**Exercise**
What are the lines, copied exactly, from the one containing "Deluxe Double Room - Attic image 2" through the final line of the material? Leave the pictures out.

--- START ---

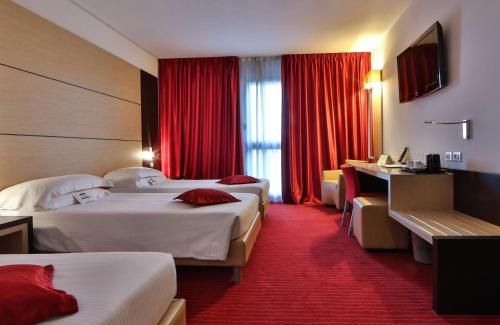 Habitación Familiar - 1 cama grande y 2 camas individuales del hotel Best Western Plus Galileo Padova. Foto 11
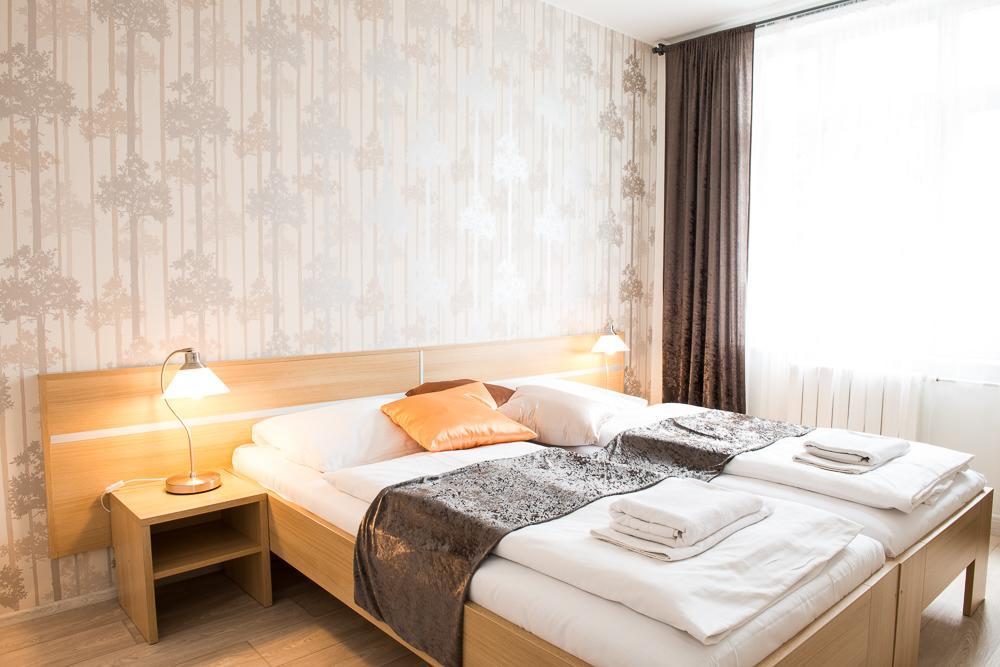 Hotel Imos Břeclav Exteriör bild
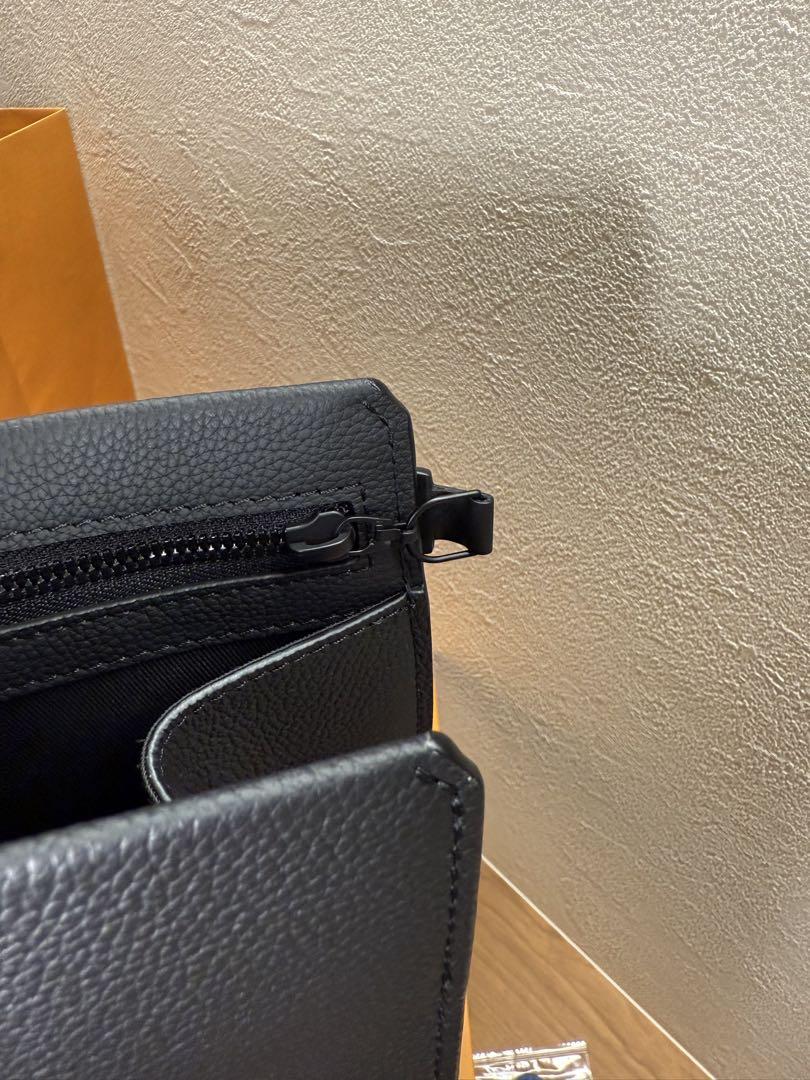 Louis Vuitton 黒 レザーバッグ　トートバッグ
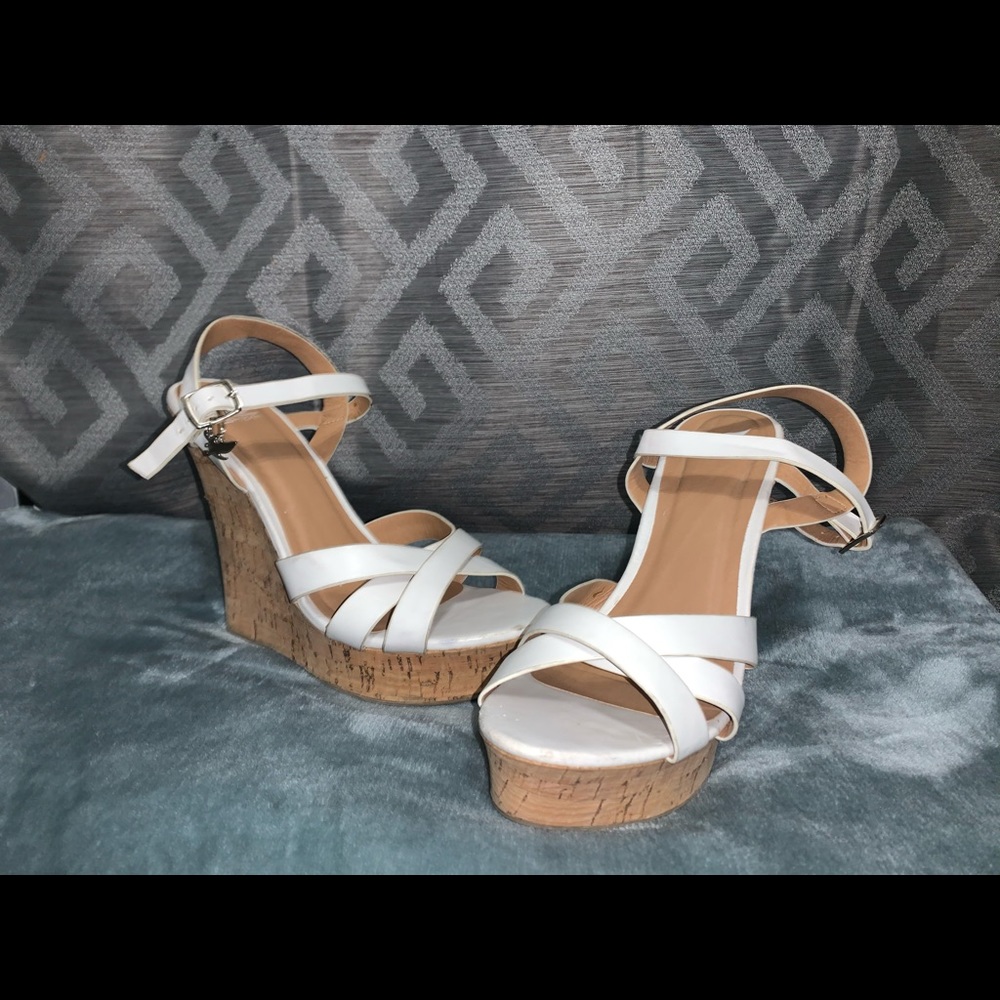 White Wedges 🕊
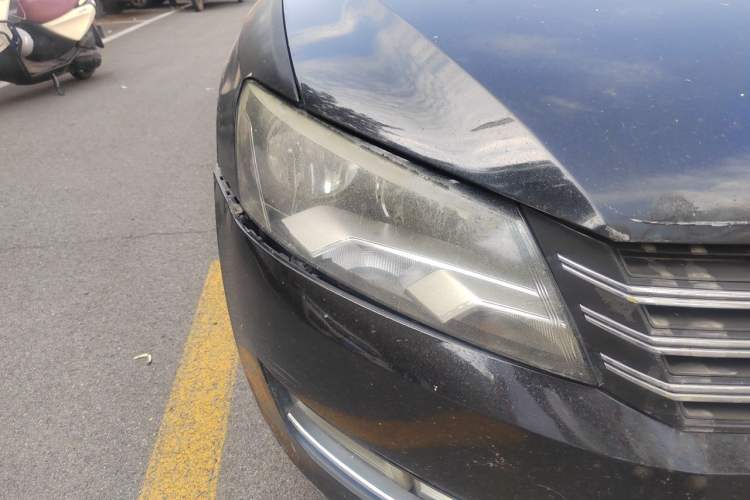 Used Volkswagen Passat 2013 1.8TSI DSG Prestige Edition Right Front Headlight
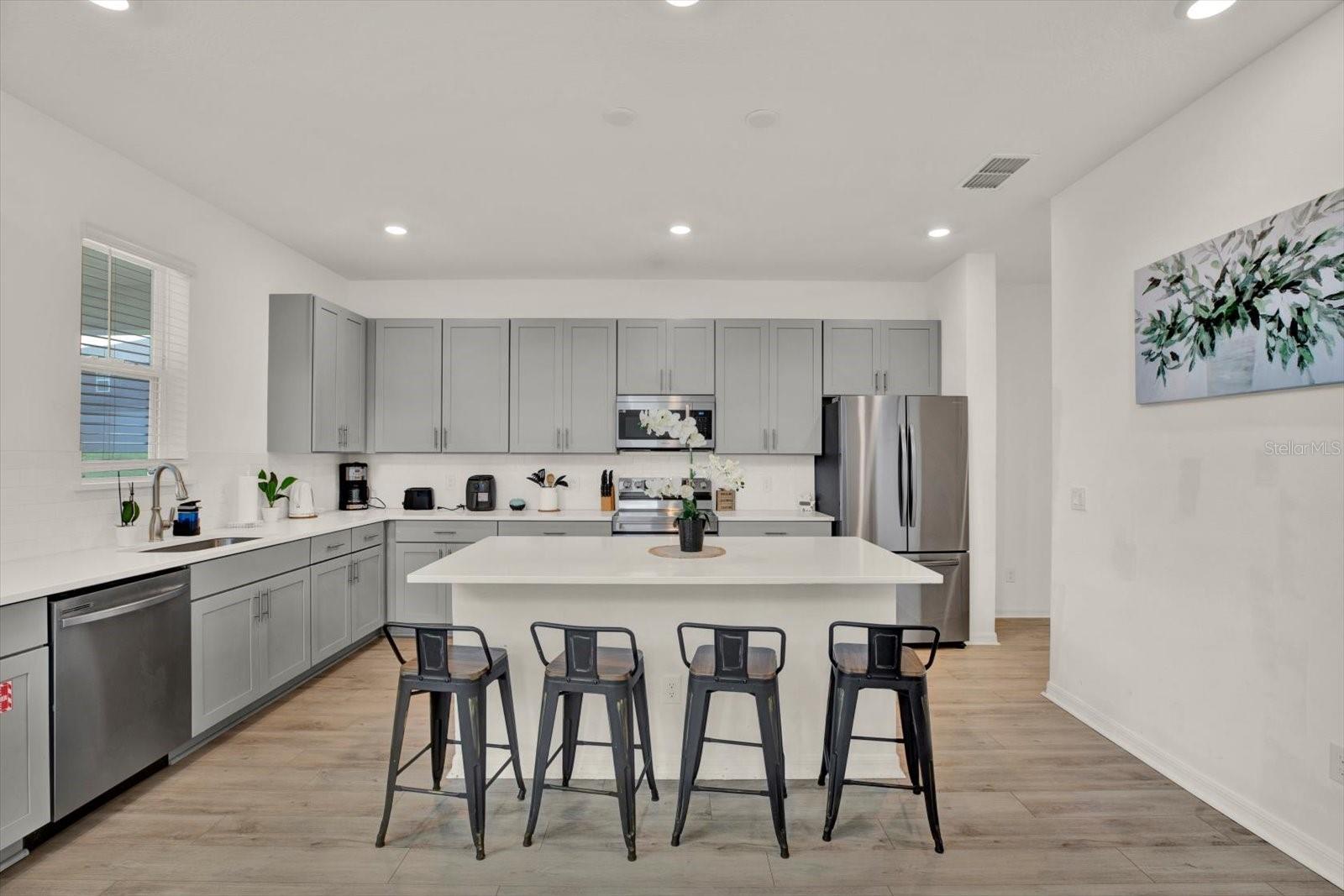 GLEN/WEST HAVEN - Residential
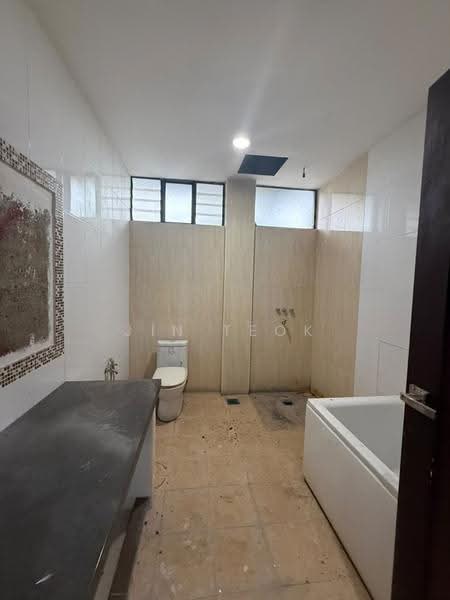 Bungalow House for Sale in Leisure Farm (Gelang Patah) - Jin Teok - Bathroom - PropertyGuru.com.my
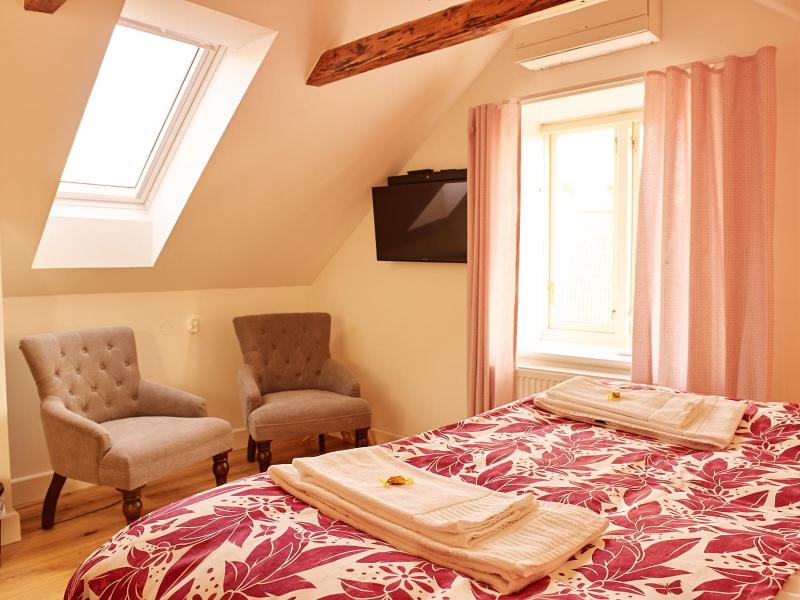 Deluxe Double Room - Attic image 2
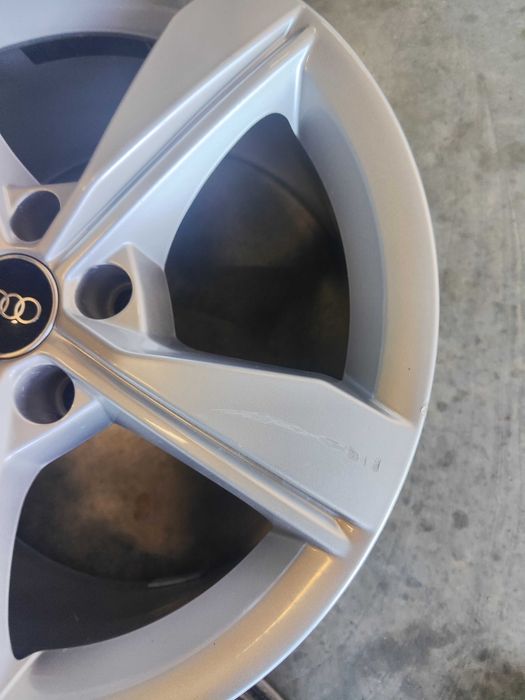 4бр.алуминиева джанта 17цола за Audi 5x112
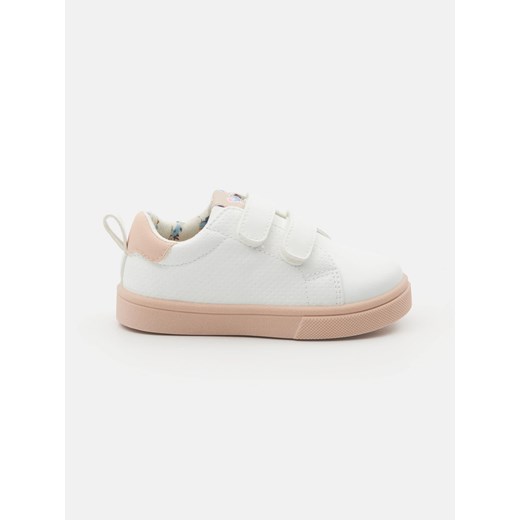 Sinsay - Trampki niemowlęce zapinane na rzepy - biały Sinsay 21 Sinsay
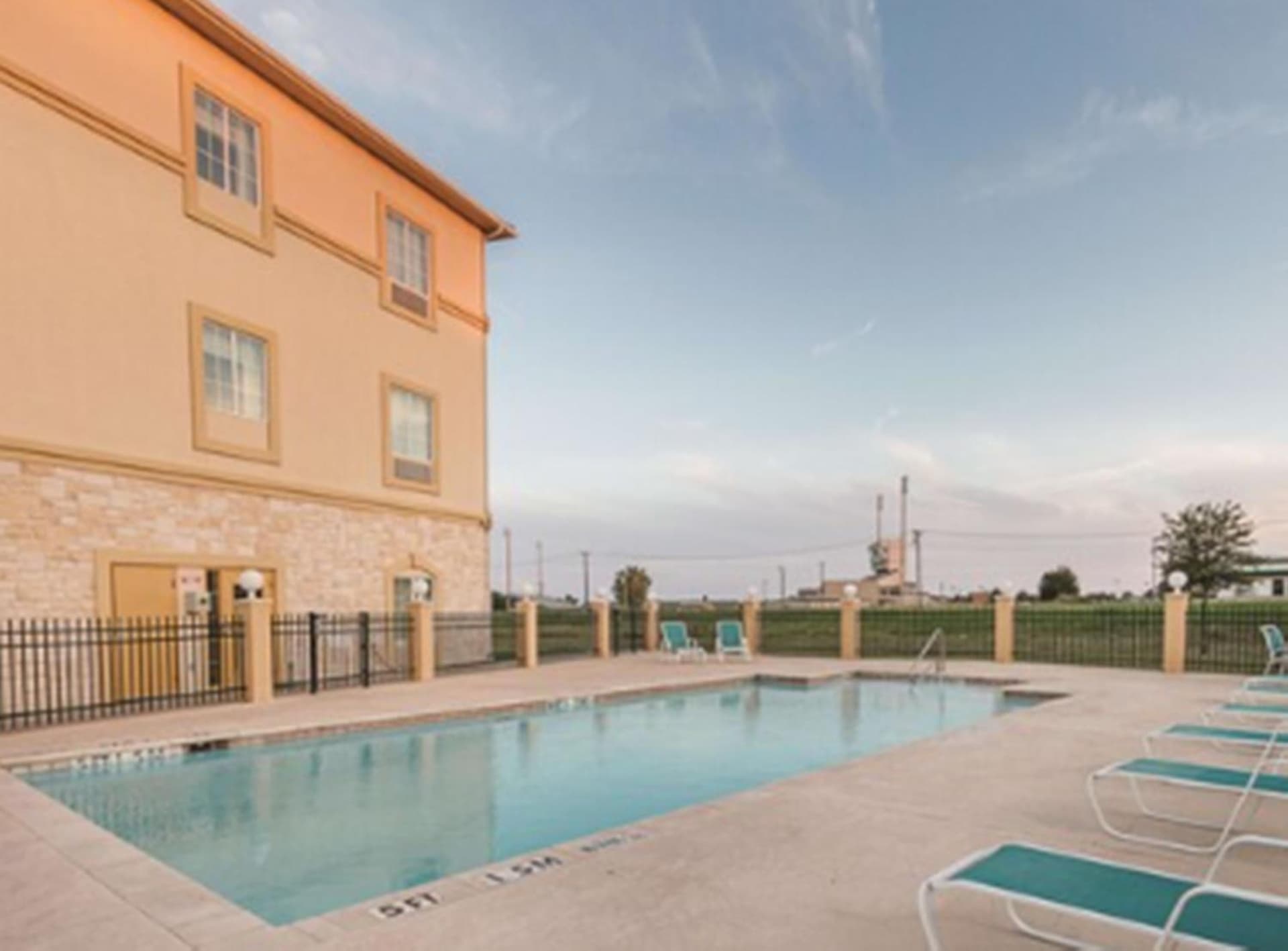 La Quinta by Wyndham Waxahachie interior in Waxahachie, TX — gallery photo 2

--- END ---

**Answer box**
 Deluxe Double Room - Attic image 2
 4бр.алуминиева джанта 17цола за Audi 5x112
 Sinsay - Trampki niemowlęce zapinane na rzepy - biały Sinsay 21 Sinsay
 La Quinta by Wyndham Waxahachie interior in Waxahachie, TX — gallery photo 2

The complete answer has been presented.